Когда Кузьмин снова прилёг, фельдшер отнёс тетрадь к лампе и, опершись на край стола, аккуратно вписал в конце заметок: «По результату — не отправлять. Повторить малую дозу вечером, наблюдать. Внимание — на пульс (склонен к редкому), на дрожание век (снято), на реакцию на звук». Подчеркнул не слишком сильно — чтобы правка не бросалась в глаза тем, кто любит вычитывать между строк обвинения. Угол страницы слегка загнулся — в таких мелочах живёт небрежность, которую потом принимают за «задумку». Они должны отличаться.

Склянку с настойкой убрал в ящик, туда же вернул мешочек с сушёным. На горлышке пробка сидела плотно, запах почти не выходил.
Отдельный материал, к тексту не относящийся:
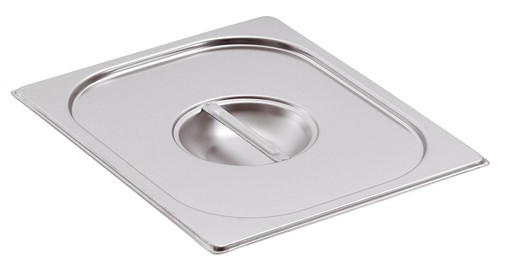 GN-Deckel Edelstahl 1/9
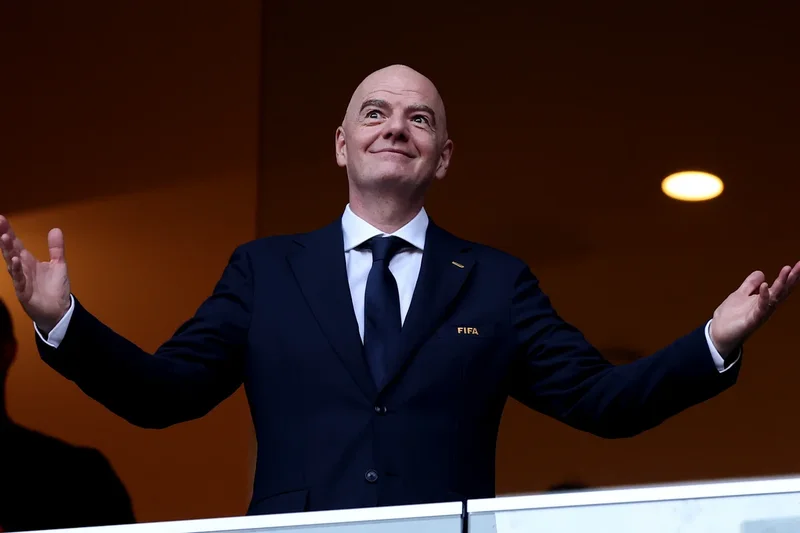 The 19-word message in Gianni Infantino’s delusional letter that shows Fifa refuses to learn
Между бинтами лежал тот самый лист, но к нему сегодня не возвращались: всё нужное для дела уже сказано, остальное — лишнее. Вечером можно будет ещё раз сверить написанное с прочитанным утром, не ради любопытства, а чтобы не предать текст. Вещи требуют такого же уважения, как люди: не обещать им того, чего не сможешь выполнить.